# BMQ Upcoming course dates



## cfournier (9 Apr 2013)

If anyone was interested in knowing the upcoming course dates - Here they are!  

R0493E (R11) & R0494F (R12) April 15, 2013 - July 18, 2013 
R0497E (R35) & R0498E (R36) May 13, 2013 - August 15, 2013 
R0495E (R13) & R0496F (R27) June 10, 2013 - September 12, 2013 
R0504E (R14) & R0505E (R15) July 8, 2013 - October 10, 2013 
R0502E (R31) & R0503E (R32) July 15, 2013 - October 17, 2013


----------



## KingofKeys (9 Apr 2013)

http://www.cflrs.forces.gc.ca/menu/cfc-ecc/dc-cd/index-eng.asp


----------



## ColeWTaylor (10 Apr 2013)

I'll be there May 13, 2013 - August 15, 2013. Anyone else?


----------



## cfournier (10 Apr 2013)

ColeWTaylor said:
			
		

> I'll be there May 13, 2013 - August 15, 2013. Anyone else?



I'm hoping to be, haven't heard back yet. 

What are you going for?


----------



## Goodeman (10 Apr 2013)

Im also hoping for the May 13 BMQ


----------



## cfournier (10 Apr 2013)

Goodeman said:
			
		

> Im also hoping for the May 13 BMQ



What are you going for?


----------



## Goodeman (10 Apr 2013)

Merit listed for Infantry and Combat Engineer.  How about you?


----------



## Druzza (10 Apr 2013)

I am hoping for May 13th as well  ;D


----------



## cfournier (10 Apr 2013)

Goodeman said:
			
		

> Merit listed for Infantry and Combat Engineer.  How about you?



Med Tech!


----------



## Pinuck Marino (18 Apr 2013)

I just got orders today to depart for CFLRS on May 10. According to the email I received, course begins May 11 and ends August 16. Anyone else get the same dates?


----------



## cfournier (19 Apr 2013)

Pinuck Marino said:
			
		

> I just got orders today to depart for CFLRS on May 10. According to the email I received, course begins May 11 and ends August 16. Anyone else get the same dates?



Possibly seeing you there. Whats your trade?


----------



## Pinuck Marino (22 Apr 2013)

W.Eng Tech, and you? Are you also flying out of Toronto? From what I read in my email, it looks like I'll be flying out with a small group. All of us sailors and W.Eng Techs, 4 of us in total. Seems like a rather small group, I really hope there's more people flying out.


----------



## cfournier (22 Apr 2013)

Pinuck Marino said:
			
		

> W.Eng Tech, and you? Are you also flying out of Toronto? From what I read in my email, it looks like I'll be flying out with a small group. All of us sailors and W.Eng Techs, 4 of us in total. Seems like a rather small group, I really hope there's more people flying out.

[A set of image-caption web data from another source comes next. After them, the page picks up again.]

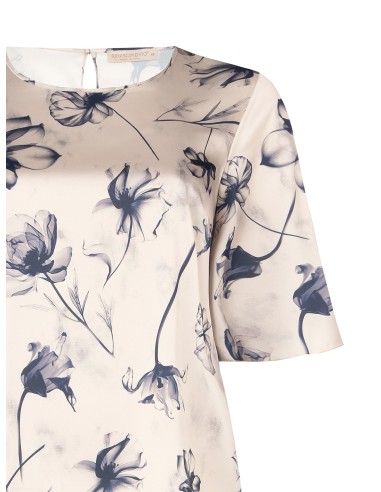 Curvy-blouse van satijn met grote vervaagde bloemen en korte mouwtjes – Rinascimento Curvy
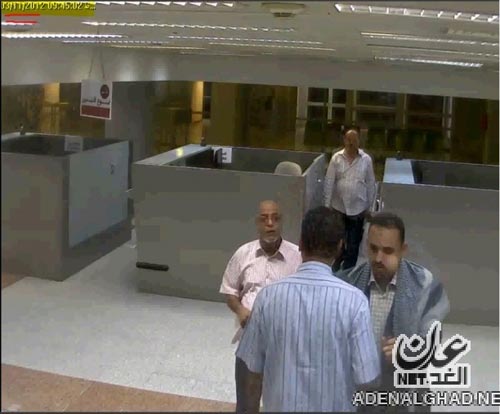 بعد نفيه.. موقع ينشر فيديو وتفاصيل اعتداء رجل أعمال يمني على ضابط أمن بمطار عدن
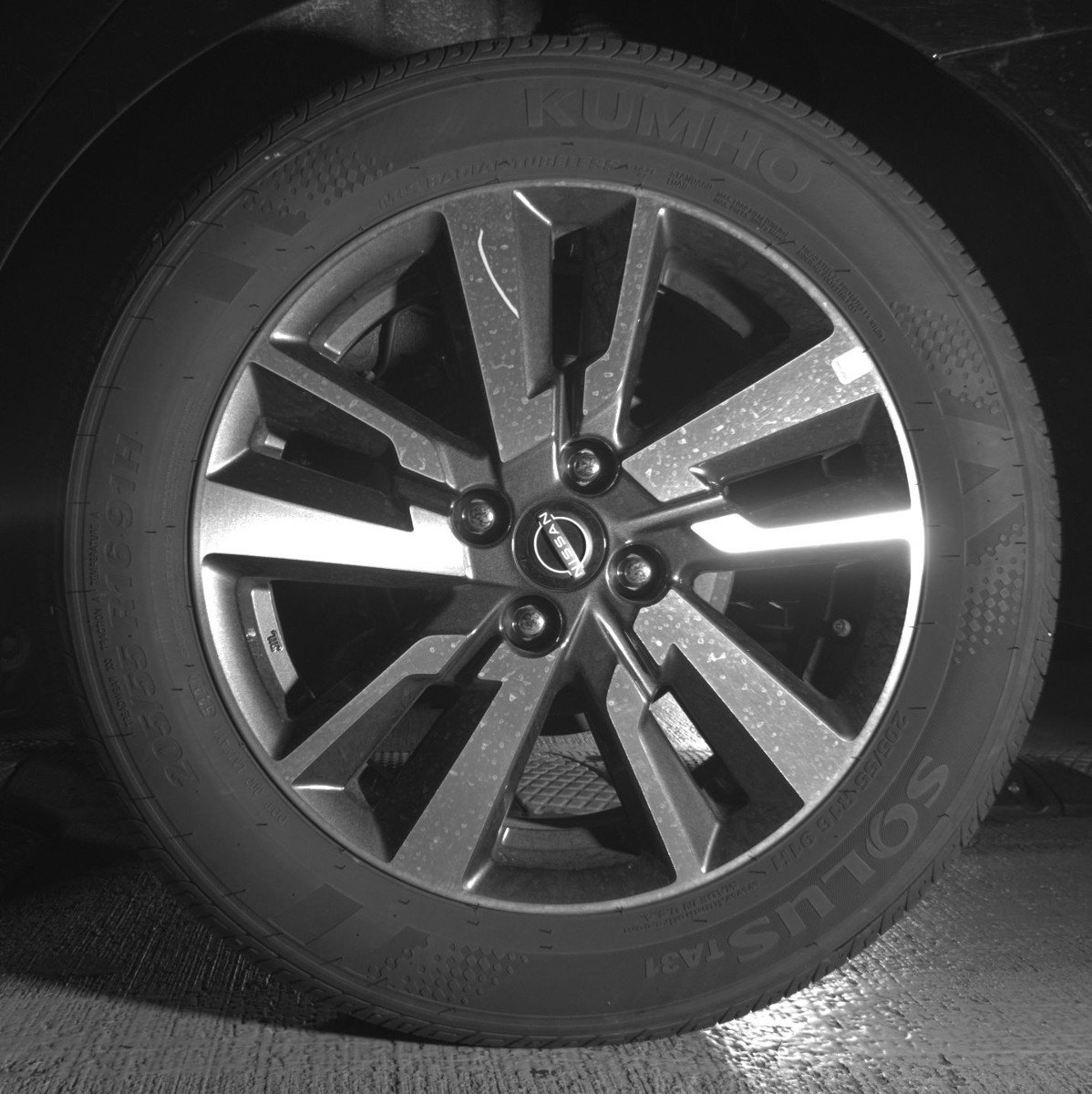 Used 2025 Nissan Versa SV image 14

Med Tech. I would be flying out of Toronto as well.


----------



## Pinuck Marino (23 Apr 2013)

I just figure the more the merrier. Going into CFLRS with people you can quickly get acquainted with can't be a bad thing.


----------



## Pinuck Marino (23 Apr 2013)

Cosmo said:
			
		

> Med Tech. I would be flying out of Toronto as well.



Great! I'm sure we'll bump into each other at the airport.


----------



## erinp135 (30 Apr 2013)

I'll also be there May 11th.


----------



## Pinuck Marino (2 May 2013)

erinp135 said:
			
		

> I'll also be there May 11th.



Great to hear as well. Are you also flying out of Toronto? What trade are you in?


----------



## erinp135 (2 May 2013)

No, Ill be driving in from petawawa. Im going supply


----------



## Scorp2586 (6 May 2013)

I've been merit listed for infantry, combat engineer and crewman. I'm just curious as to how long some of you's were merit listed before you got an offer?


----------



## Pinuck Marino (9 May 2013)

Got flight details yesterday, flying out May 11. See ya at CFLRS!


----------



## Sewellda (18 May 2013)

Got offered a job today in Comm Rsch - Air.  Will be attending BMQ July 8th.

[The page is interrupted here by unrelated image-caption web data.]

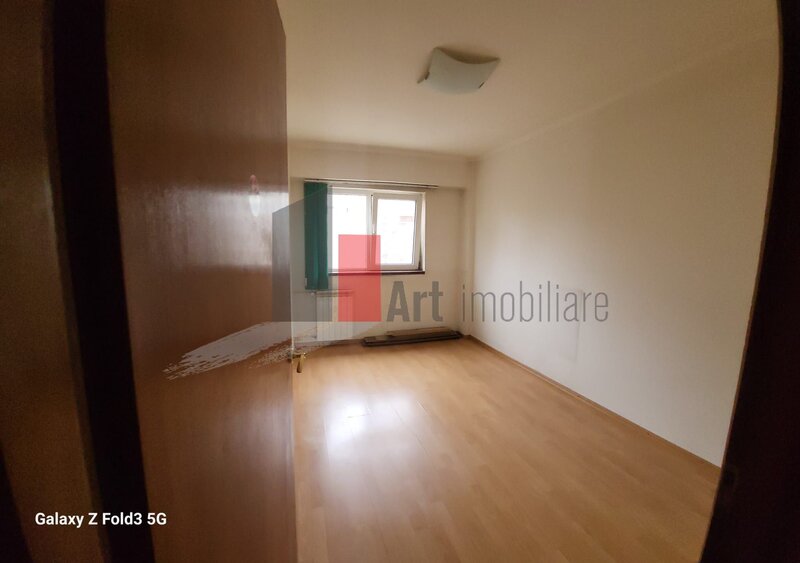 Bulevardul Sincai apartament 3 camere decomandat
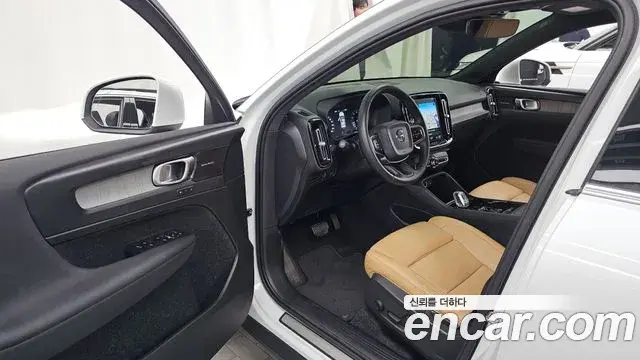 Volvo XC40 2020 — Фото 10/20
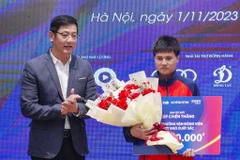 Ban Tổ chức Giải thưởng Cúp Chiến thắng 2023 trao phần thưởng đặc biệt cho Vận động viên Lê Văn Việt. (Ảnh: Việt Anh/Vietnam+)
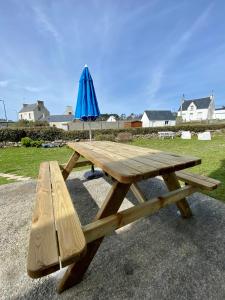 Maisons de vacances Face a l'ocean, Bretagne authentique a Pors-Poulhan : photos des chambres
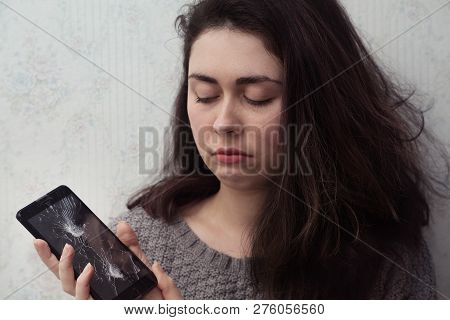 The Girl Puts A Pill On Her Tongue And Prepares To Drink Water.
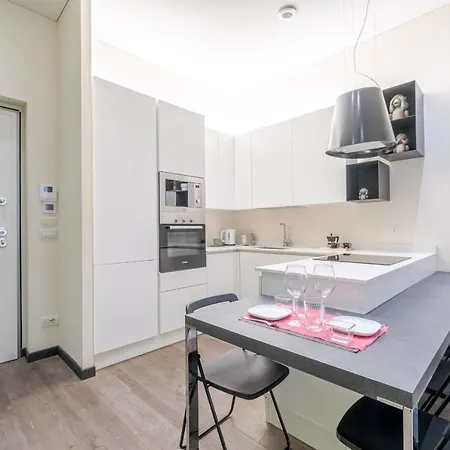 Oasis Botanique Modern & Central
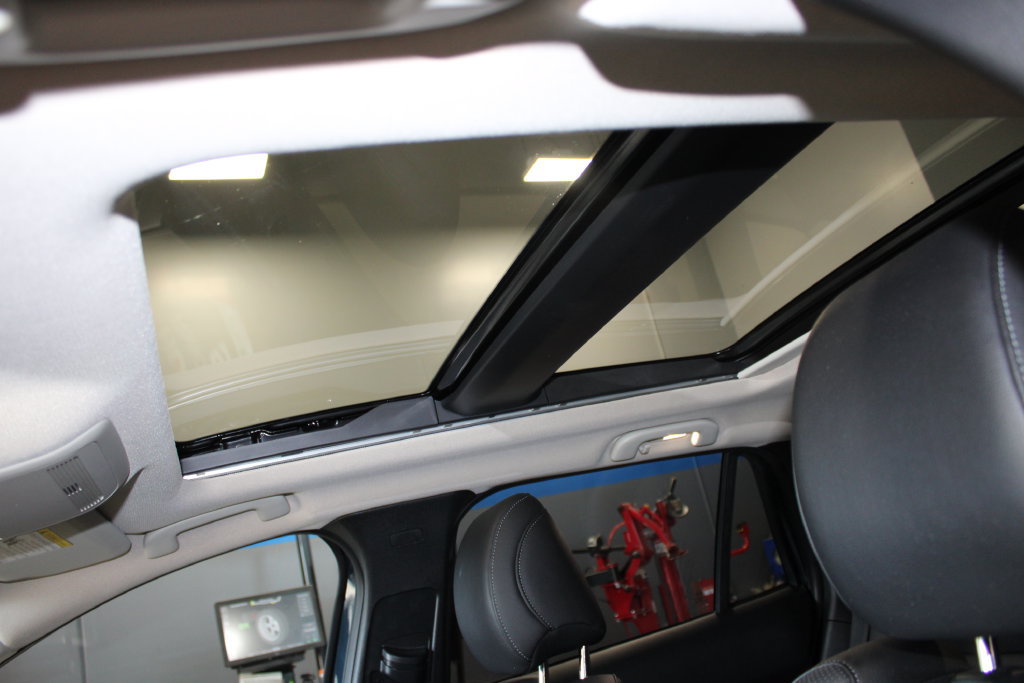 Used 2023 MAZDA CX-50 AWD 2.5 S w/ Cargo Package image 23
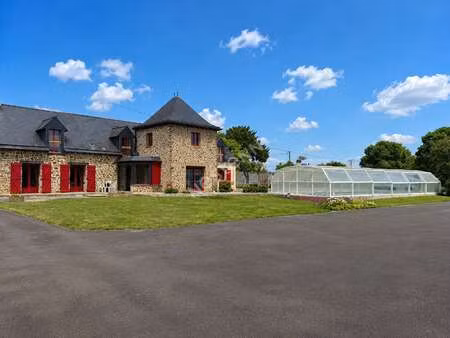 vente maison piscine à châteaugiron (35410) : à vendre piscine / 210m² châteaugiron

I'm so excited, and I just can't hide it...


----------



## JoPelle (1 Jun 2013)

Im waiting for the job offer.
What is the maximum delay between the phone call and the bmq course?


----------



## JorgSlice (1 Jun 2013)

JoPelle said:
			
		

> Im waiting for the job offer.
> What is the maximum delay between the phone call and the bmq course?

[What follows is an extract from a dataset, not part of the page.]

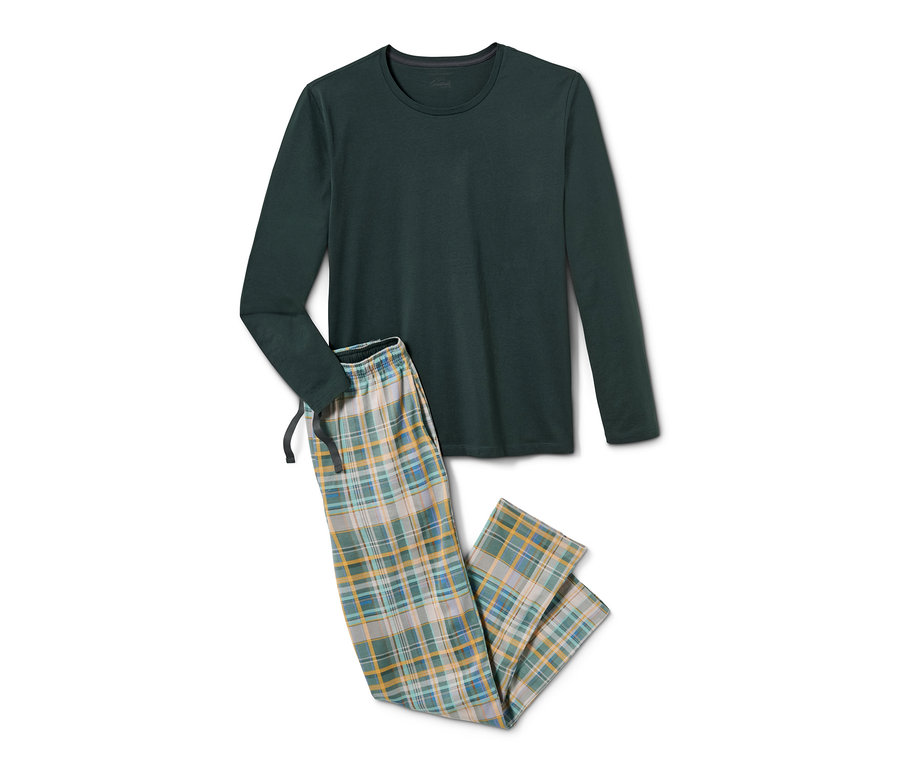 Egy sötétzöld, hosszú ujjú pizsama és egy kockás pizsama alsó.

As long as it takes. You probably won't make the cut off for July or August but you would be a better chance for August or September and ideally if everything works out Army style - Fall... Haha.


----------



## JoPelle (1 Jun 2013)

PrairieThunder said:
			
		

> As long as it takes. You probably won't make the cut off for July or August but you would be a better chance for August or September and ideally if everything works out Army style - Fall... Haha.



Ye I kinda learned that its a slow process!
The interviewer told me I was competitive and they sent my file to otawa the 12th may. He told me to expect a call this summer.
But I called 2 times since then and I got no answer.
I guess Ill just have to wait from now


----------



## Verge1993 (27 Jun 2013)

Cosmo said:
			
		

> If anyone was interested in knowing the upcoming course dates - Here they are!
> 
> R0493E (R11) & R0494F (R12) April 15, 2013 - July 18, 2013
> R0497E (R35) & R0498E (R36) May 13, 2013 - August 15, 2013
> ...



Does anyone know when we will see the dates for the Fall courses?


----------



## Goodeman (27 Jun 2013)

Email CFLRS and ask.


----------



## yamahaguitarguy (29 Jun 2013)

Verge1993 said:
			
		

> Does anyone know when we will see the dates for the Fall courses?



also, just saw a guy In the application process thread post he just got an offer and starts his bmq aug 17 so that's probably the next course after the mid july one


----------



## polishman23 (1 Jul 2013)

the next course is Aug 3rd, My wife is scheduled to go on that one.


----------